A look inside Apple’s kitchen table group
Rick Merritt
7/31/2012 9:23 PM EDT
“We’ve been ripped off”
The industrial design team works with separate product design and manufacturing teams. McElhinny asked Stringer to detail the manufacturing challenges and market risks Apple faced with the designs his team chose.
He listed problems with mating glass and metal elements, using thin metal bezels and drilling holes in the glass.

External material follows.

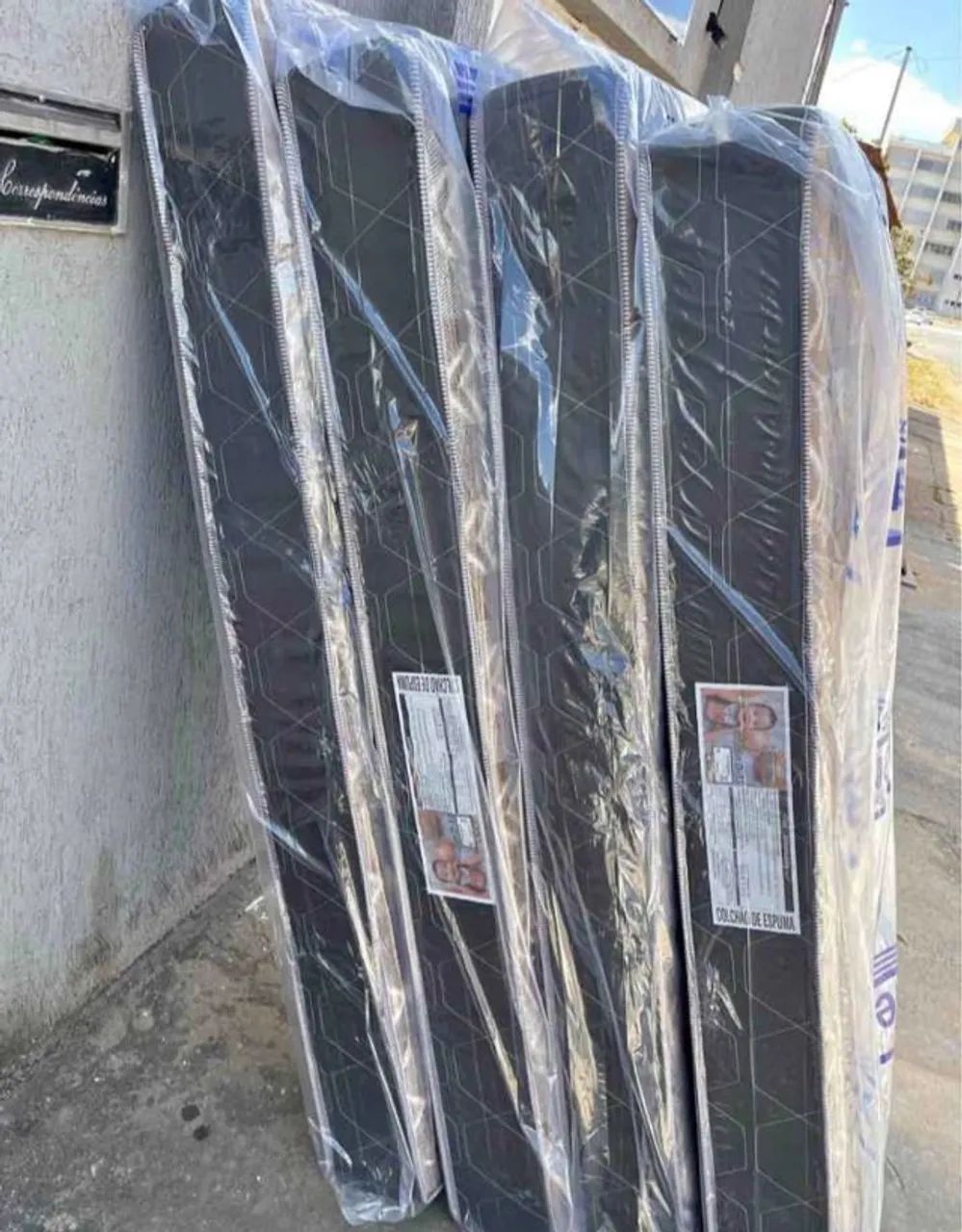 Colchao de solteiro (novo) hojE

For the iPad 2, “there was a huge effort in the factory getting the gaps or reveals to be as tight as they are” between the glass front and metal backing, said Stringer.
Stringer reflected much of the philosophy of high aesthetics and intuitive usability associated with Apple’s industrial designs, saying it aimed to create cultural icons. “We want to create the simplest, purest manifestation of what [the product] could be—something people could love,” he said.
The descriptions sometimes bordered on self-serving hubris and hyperbole.
“There were legions of phones available and none of them were very satisfying,” Stringer said. “Smartphones existed but they were more like tiny computers--we came up with something breathtaking and the challenges of producing that were enormous,” he said.
McElhinny asked Stringer to describe what his team did the day the original iPhone was launched.
“The entire design team--or those who could be--were at the Apple store in San Francisco,” he said. “We were excited, we had something new and there was an incredible buzz of people anticipating something,” he said.
“There was an enormous crowd outside, we wanted to feel that enthusiasm and see the first people to get [the iPhone]--it was mayhem, like a carnival,” he recalled. “We were very, very proud; we had worked very, very hard--an enormous amount of people had put out great sacrifices--and it was worth it, it was a beautiful day,” he said.
McElhinny asked Stringer to describe his feelings about products that look like the iPhone.
“We’ve been ripped off, it’s plain to see—by Samsung in particular--it’s offensive,” he said.
“It’s a big leap of imagination to come up with something entirely new,” he said. “It’s a process by which you have to try to forget everything you know--clearly very difficult, but if you pay attention to the competition you wind up following them--not what we wanted to do,” he said
Under cross-examination, however, Samsung lead attorney Charles Verhoeven showed an email from Stringer to a member of Apple’s product development team requesting an analysis of competing products.
“I need your latest summary of our enemies for an [industrial design] brainstorm on Friday,” the email said.
Verhoeven asked if by “enemies” he meant to include companies such as Samsung.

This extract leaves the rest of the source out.